Sunday, August 20, 2023

Web Log for 8.18.23 and 8.19.23

Book review coming right up...

Animals 

Not one for this week's Petfinder post, which will feature adoptable senior cats, because the eighteen-year-old cat found someone to celebrate his twentieth birthday with. Hm! Sniff! Sniff! Must be the niece who likes to cook (one of The Nephews, of course) peeling onions on the porch...if I cried every time a shelter pet finds a good home, I couldn't type.


Books 

I'm three days behind on reading the books people have kindly sent me, and I'm still finding energy to want to read this one. Go figure.

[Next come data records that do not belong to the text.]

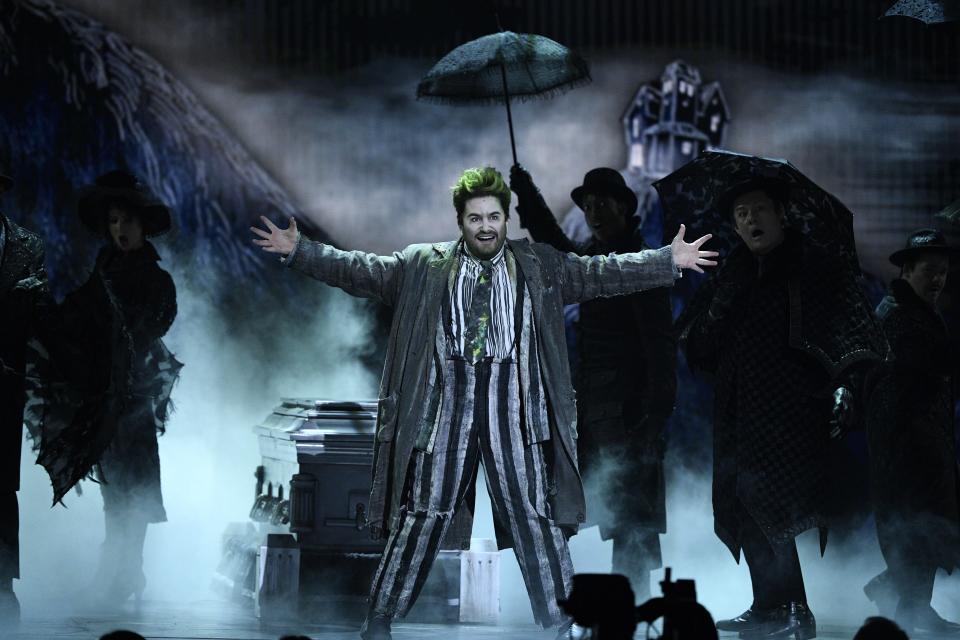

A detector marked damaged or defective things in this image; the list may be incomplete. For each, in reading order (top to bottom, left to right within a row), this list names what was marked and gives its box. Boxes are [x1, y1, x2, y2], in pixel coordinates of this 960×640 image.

black tattered umbrella [416, 31, 588, 164]
black tattered umbrella [652, 152, 864, 276]
black tattered umbrella [880, 0, 956, 23]
tattered long coat [284, 235, 676, 544]
ragged fabric costume [282, 231, 680, 624]
ragged fabric costume [512, 181, 680, 600]
tattered long coat [676, 235, 884, 560]
ragged fabric costume [676, 232, 884, 612] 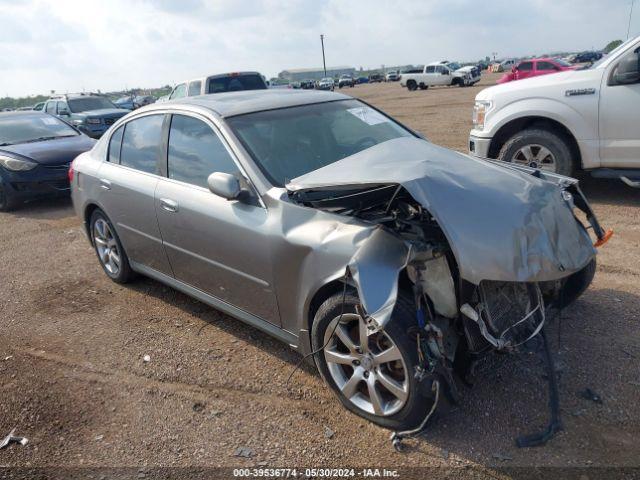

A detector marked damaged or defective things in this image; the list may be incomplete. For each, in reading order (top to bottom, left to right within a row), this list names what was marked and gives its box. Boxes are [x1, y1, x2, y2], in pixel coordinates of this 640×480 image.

crushed hood [284, 136, 596, 284] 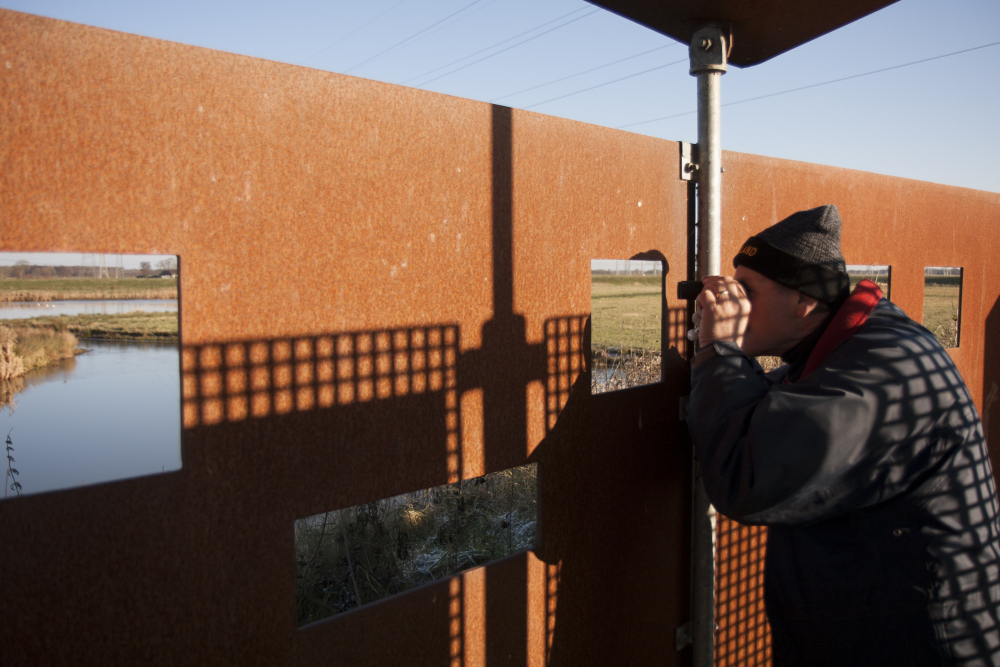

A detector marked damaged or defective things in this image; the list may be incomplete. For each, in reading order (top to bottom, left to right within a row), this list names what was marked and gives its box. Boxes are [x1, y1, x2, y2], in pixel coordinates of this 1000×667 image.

rusty corten steel wall [0, 10, 696, 667]
rusty corten steel wall [716, 153, 1000, 667] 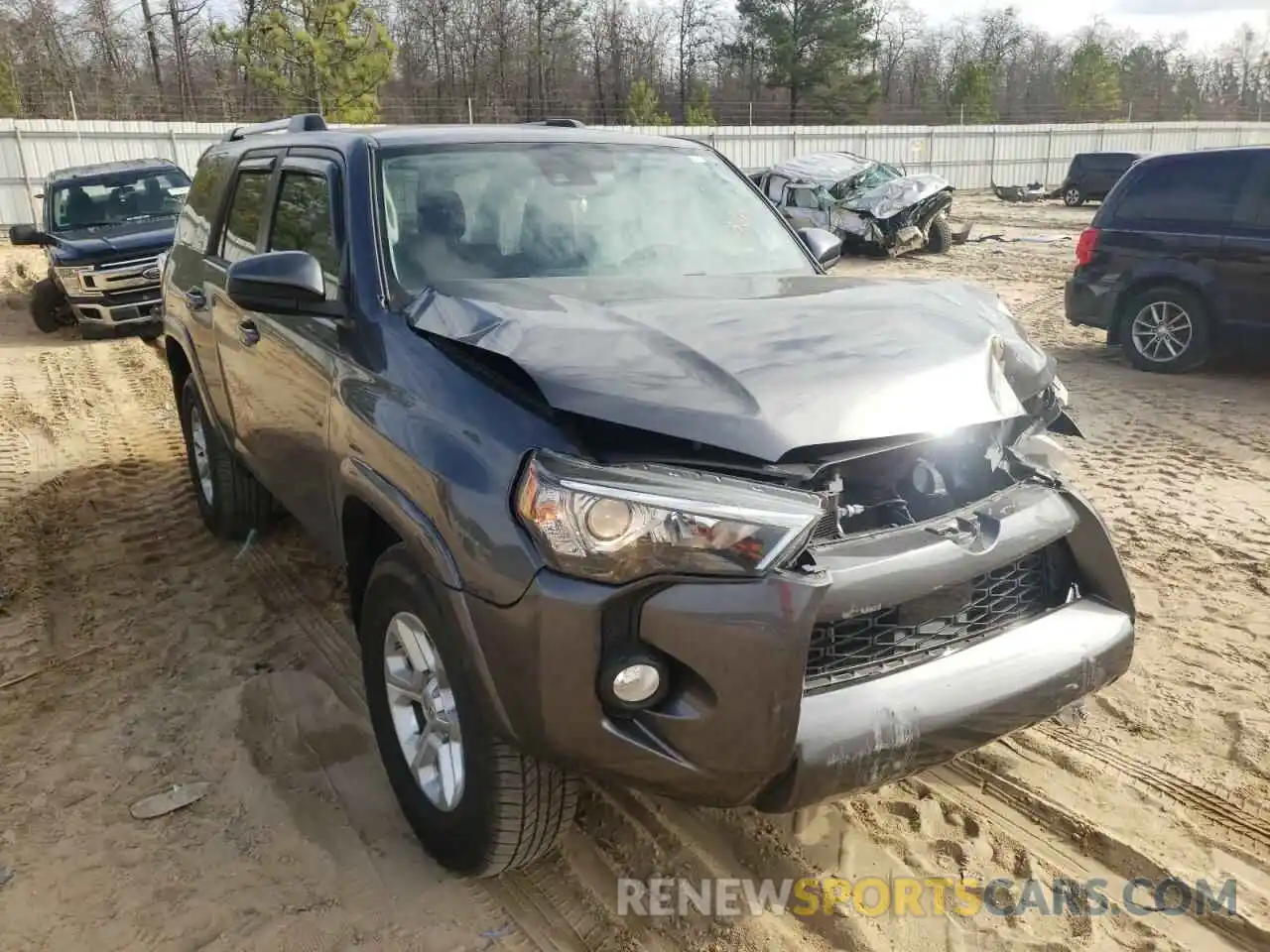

Publishers aren't even trying to do book tours any more, but the scheduled tour for the book shown should alleviate the envy of authors who aren't being shipped around on tours. Note Arizona destinations at times of year when any normal author would rather be signing books in Boston...


Education 

All the liberation groups of my lifetime have accomplished good and necessary things...despite two unpleasant truths: they've all been at least heavily infiltrated by left-wingnuts, and they've all at least appeared to be led by extroverts. That means they have often done disservice to the demographic groups they were trying to help. As a woman I think our experience with "women's" groups has been typical and illuminating. Yes, we needed the rights to keep our jobs and property after marriage (and divorce), comparable wages for comparable work, respect for our work, legal redress for sexual harassment and abuse on jobs, the right to keep our homes and children (if any) while abusive husbands had to go away--to jail! Yes, we still need the rights to walk around without harassment, to dress sensibly and present ourselves as human beings rather than painted-up sex maniacs, to be heard when we're talking about something besides the sex-hormone surges of youth, to know that society's judgment will fall on men who try to claim that we're incompetent if we dare to disagree with them, to get what we're paying for without being scolded by people too young to be our children for not "playing nice." Every rational person can now fairly be described as a feminist, since there's no longer any rational claim that women are not at least equally as valuable as men...and yet feminists still have to be activists. And some of the women who want to do all the talking, in the public sphere, are large parts of the problem. I mean to say, who the devil ever thought abortion was a solution?! 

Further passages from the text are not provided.